There was nothing surreal about Kumar Sangakkara and Tillakaratne Dilshan filling their boots on their favourite surface and against their favourite opposition. This was Sangakkara's ninth century against Pakistan, 30th overall, overtaking Don Bradman's tally of 29. Like Sangakkara, Dilshan too scored his second century of the series. He also became only the eighth Sri Lankan to reach 5,000 Test runs. There was another statistical event: late in the day Mahela Jayawardene registered his first duck at the SSC, but it seemed like his first score of under 100 here.

The pitch only began to misbehave when the two were approaching their centuries. That, combined with the time lost to weather, meant there was little scoreboard pressure on the two all through. It always seemed a matter of when, not if, when the two would get to their centuries. Sangakkara, in particular, looked certain he would get one, and make it a big one. Along the way came instructive milestones.

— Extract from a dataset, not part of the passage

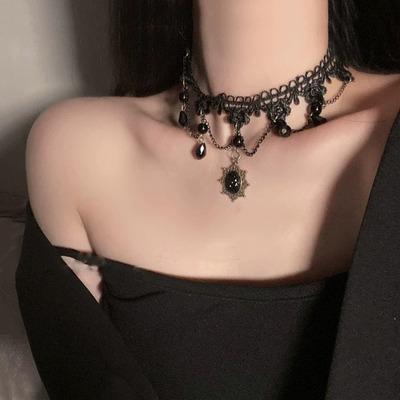 暗黑复古公主蕾丝花边流苏项链黑色洛丽塔颈链choke万圣节锁骨链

When he nudged Junaid to fine leg for his 57th run, he became only the fourth man to have scored 2000 runs at a single venue, behind Graham Gooch at Lord's, Jacques Kallis at Newlands, and Mahela Jayawardene in Galle and at the SSC. Two overs later, when he pulled Junaid behind square, the couple took him to 2090 runs against Pakistan, more than anybody else, then at an average of 87.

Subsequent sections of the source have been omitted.